6 Lee Gamble: »Mnestic Pressure« (Hyperdub)
UK-Clubkultur und Konzept, kein Widerspruch auf Lee Gamblers erstem Album für Hyperdub. Broken Beats, Haken schlagende Basslines, abgefeimte Synthspielereien, Post-Jungle-Hektisches mit Synthmelodien. Auch IDM, Rave, Acid House oder 2-Step liefern fragmentarisch Vorlagen für diese schillernden Soundskulpturen.

7 Hype Williams: »Rainbow Edition« (Big Dada/Ninja Tune)
Irgendwie scheint der Sound an Dean Blunts Babyfather-Tracks angelehnt. Mit 808-Basslines und verzerrten Billig-Keyboard-Sounds. Also geht auf dieser Duo-Inkarnation eine Magie davon aus, denn es schälen sich trotz Lo-Fi-Appeal immer wieder schöne Melodien heraus. Obskure Vokalschnipsel, die das Rassenthema beschwören, sind obligatorisch: »They wouldn’t really like this / The interracial thing/All I’ve got to say is Black Cards Matter«. Fragile Schräglage galore.

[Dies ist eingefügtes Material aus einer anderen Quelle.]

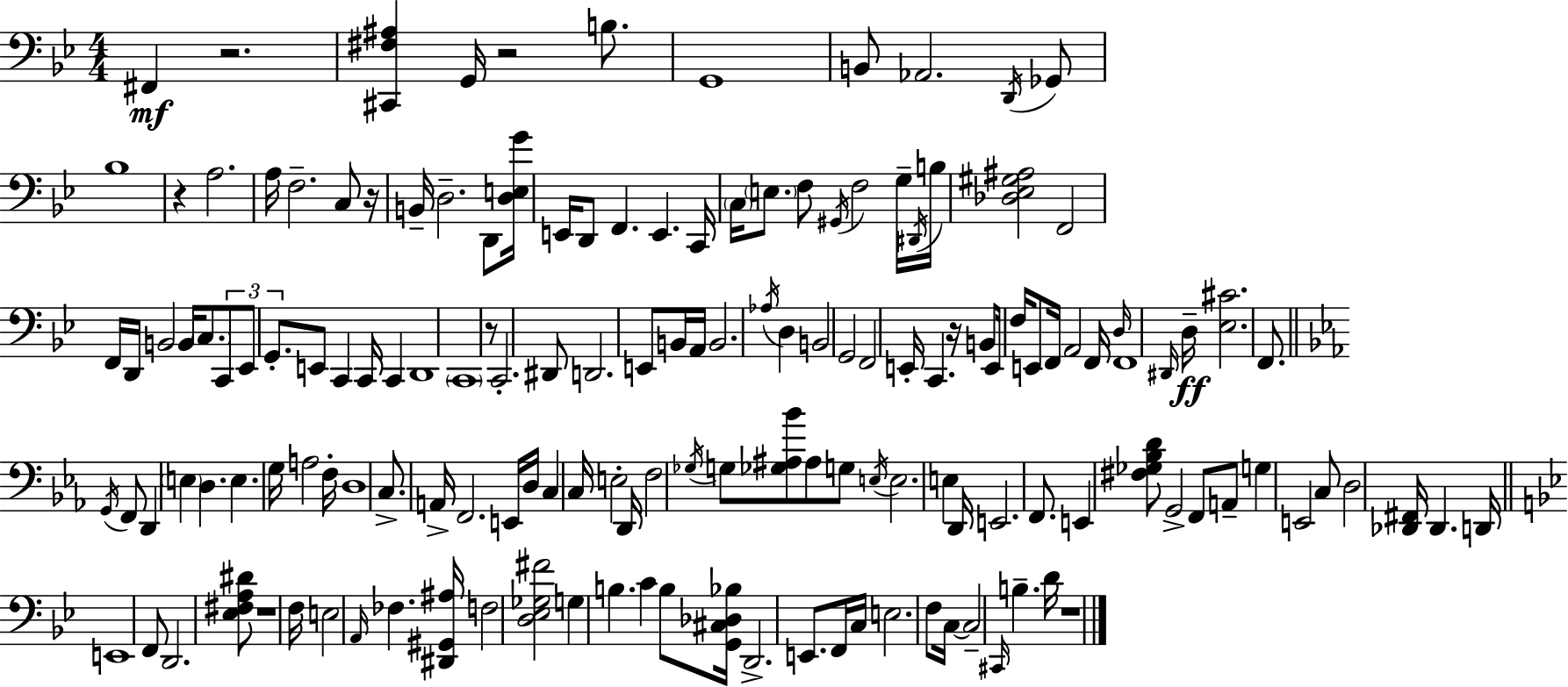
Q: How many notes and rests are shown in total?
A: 152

8 Shabazz Palaces: »Quazarz: Born On A Gangster Star« / »Quazarz vs. The Jealous Machines« (SubPop)
Das Konzeptdoppelalbum weist die HipHop-Innovatoren aus Seattle als wahre Sun-Ra-Nachfahren aus. Shabazz Palaces erzählen eine mystische Dystopie, wo Quazar und Awet auf einem Lichtstrahl ihren Afro-Planeten verlassen und auf der Erde bruchlanden. Smartphones erscheinen ihnen als Phantomspiegel, die sich im Lande der Fake News zu eifersüchtigen Maschinen auswachsen. Ishmael Butler und Tendai Maraire sind Conscious Rapper, die wissen, dass die Internettechnologie ablenkt und die Mehrzahl der Bürger gefangen nimmt, statt kritisch dagegen aufzustehen. Kurz noch zur Musik: Abgefahren psychedelisch outta space, am schönsten, wenn Samples aus Soul und R’n’B Raum greifen.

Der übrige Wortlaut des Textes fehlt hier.